Scott Becker's Blog

Tech startup experiences and lessons learned

Archive for the ‘Development’ Category

Engineer Tip #1: Software Architecture Links

leave a comment »

Ever wonder how giant web systems work?  Wonder no more! (see links below)


Written by scottb

December 16, 2010 at 8:11 pm

Posted in Development

Startup Tip #3: Testing. Just Do it™

with one comment

Why Test?

ugghh! Testing… so lame.  Do we really have to do this?!

But you know what sucks more than testing:

  • Losing customers & partners after a massive outage
  • Having to figure out what brought your system down at peak while clients and partners are yelling at you (aka debugging).
  • Finding out too late that your last release has a huge memory leak and spending days constantly restarting downed servers.

I have learned the hard way how important testing is.  Lets just say… that I didn’t test a production push in my early days and… brought down a whole site for a few million people for an hour.  Oops, there goes that partner. 😦

If customers can be affected by the code, it needs to be tested thoroughly.

How to Test

Here are all the tests that are worth your time in the long run (in chronological order within a dev cycle).

  • unit tests:
    • Answers: Does this function work?
    • Besides catching bugs, unit testing is for your fellow developers to understand your code.
    • It’s also a quick memory aid if you have to come back to your own code in 2 months.
    • Aim for at least 70% code coverage.
  • integration tests:
    • Answers: Does the business logic of this feature work?
    • Here use cases from product specs are converted into automated tests.  These tests should exercise code from as many components as would be realistic on a production system (e.g.
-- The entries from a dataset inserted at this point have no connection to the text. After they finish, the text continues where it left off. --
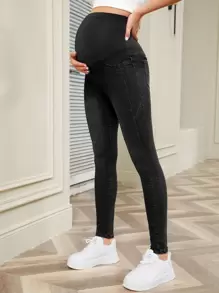 SHEIN 孕婦寬腰帶緊身牛仔褲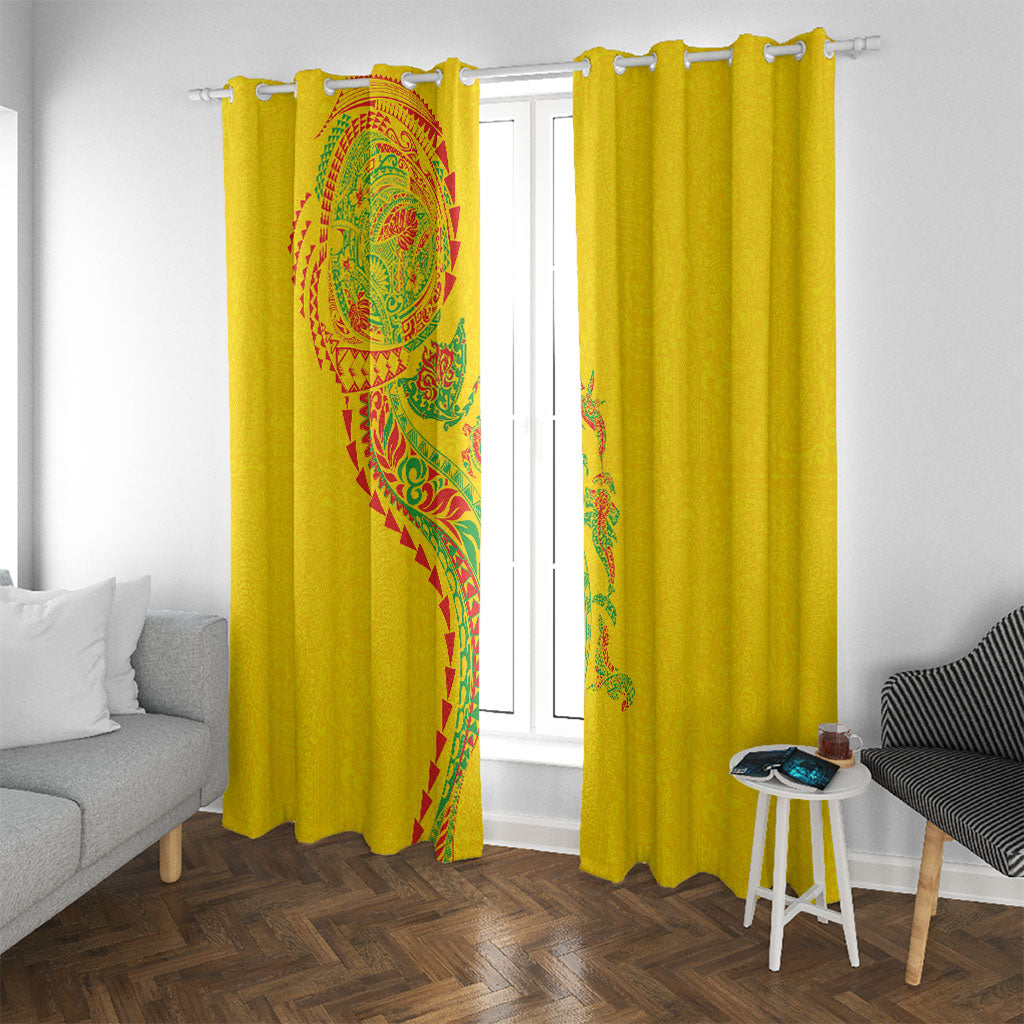 Hawaiian Kakau Tribal Sea Animals Tattoos Window Curtain Kanaka Maoli Flag Color Inspired LT03 With Grommets Multicolor - Polynesian Pride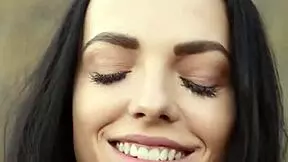 Pretty lady teases with her petite body at the beach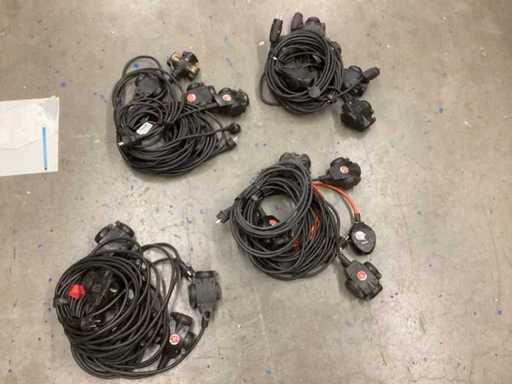 High-quality rubber extension cord with single and multiple sockets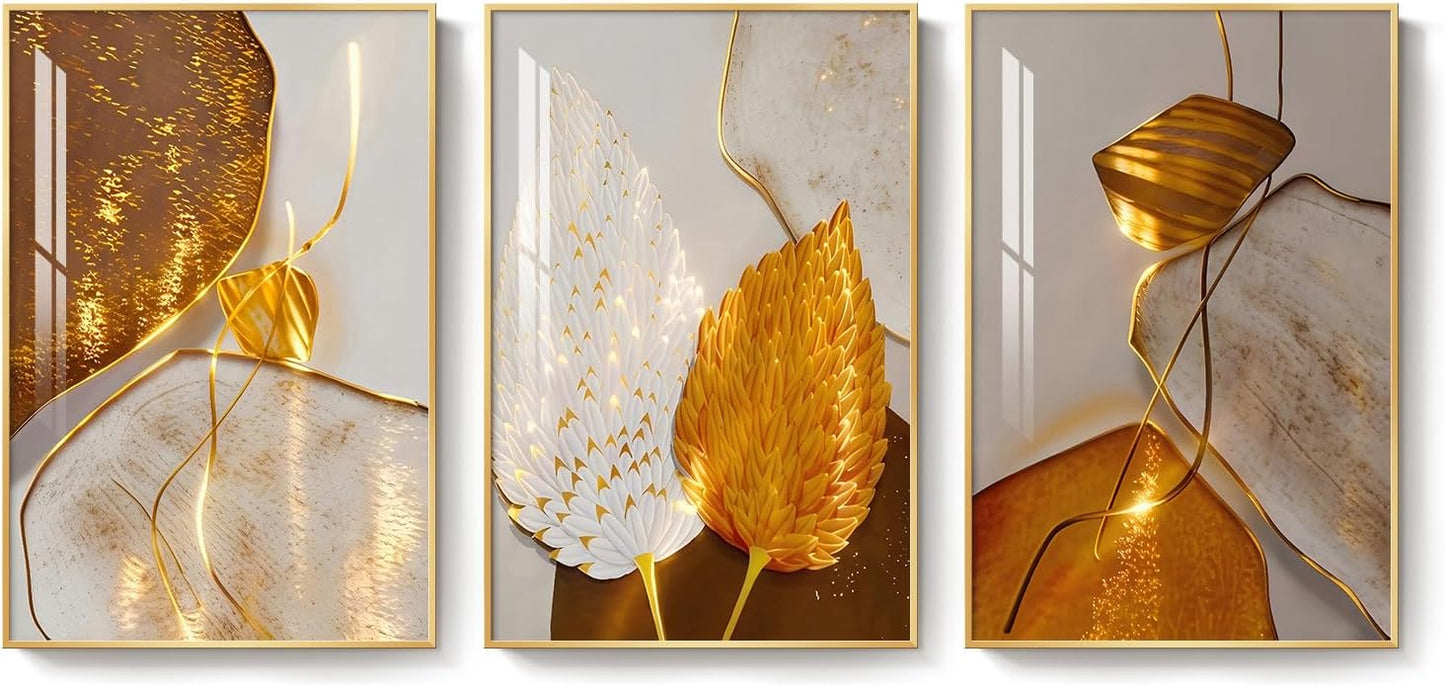 Framed Modern Luxury Gold Wall Art, Set of 3 Piece Contemporary Paintings Artwork for Walls, Golden Prints Pictures with Gold Frame, Wall Decor for Living Room, Hallway, Bedroom, Office 16x24 Inch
UI logic, backend logic, and database logic).
    • Sample bug that would be caught:  “The UI team called a field ‘foo’ but the backend assumed it would be ‘Foo'”
    • Integration tests should be clear enough for the product manager to read through.
    • To run quickly and with minimal setup, integration tests should be ran in a single process.  e.g. use sql lite through mocking instead of connecting over tcp to a real database.  (see mock objects and dependency injection)
  • smoke tests:
    • Answers: Does the server boot?  Does a basic request go through without throwing an error?
    • This test (often manual) is a quick sanity check before handing a feature off to a dedicated QA team.  Trust me, you will piss off your QA team if you say you are done and the server won’t even start.
  • code reviews:
    • Answers: Was proper testing done? Were coding standards followed? Where should the QA team be most concerned, especially around performance?
    • Code review can become a heated topic (see points #8/#9 from this pdf).  As lame as it sounds, I believe its critical to maintain a positive culture that more bugs found in code review generally means that a developer’s task was more complex.
    • Suggested Tool:  Review Board
  • ui / backend manual testing:
    • Answers:  Does the feature work?
    • Here you run through  use cases by hand on a clone of the production system (aka a staging stack):  using the UI and making requests.  Do you get the correct results?
    • These are essentially a repeat of integration tests.
    • UI testing automation:  If you are confident that parts of your UI layout won’t be changing soon, go ahead and build automated tests for them with selenium.
  • system testing and load testing
    • Answers:  Does the new feature work after a long period of load?  Do we have a memory leak?
    • Here you set up a staging stack and try to simulate the real world as much as possible using the feature.  The goal is to leave the feature running smoothly for a few hours.
    • Replay production traffic or a set of traffic designed to test specific features.
    • I recommend having a big script that populates your database with an object to be affected by each core feature.  For example, at Invite, our test script would generate campaigns that should only serve to US traffic and campaigns that had specific dollar budgets.  After you run traffic, run through a saved check list of what the system should look like if old and new features are working properly.   At Invite, this meant that campaigns didn’t go over budget and served to the correct geographies.
    • Watch out for rapid rates of memory growth (aka memory leaks)
    • Don’t forget to review error logs post testing.
    • Suggested Tools:  apache benchhttperf, something custom to log and replay traffic (twisted makes building this easy)
  • fuzz tests (aka negative tests):
    • Answers: Do lots of malformed requests bring down the system? (Hint: they shouldn’t)
    • Verify that malformed requests are logged gracefully and don’t bring down the system.  For low latency systems, you likely don’t want every error to be written to disk as this causes lots of lost cpu time to IO operations.
  • performance test:
    • Answers:  Has performance degraded too much in this release? (Will serving costs get too high?)
    • Replay a repeatable set of traffic.   It can be custom or a replay of production traffic.  The important part is that its the same set of requests used in each release for comparison purposes.
    • Suggested Tools:  apache bench, httperf

Continuous Integration (CI):

  • The sooner you catch bugs in the development process, the easier they are to debug and fix.  e.g. you know immediately which commit is the culprit of a breakage.
  • Suggested Tool: Hudson

Who should be testing what?

Unit tests through code review (listed above) should be done by the development team.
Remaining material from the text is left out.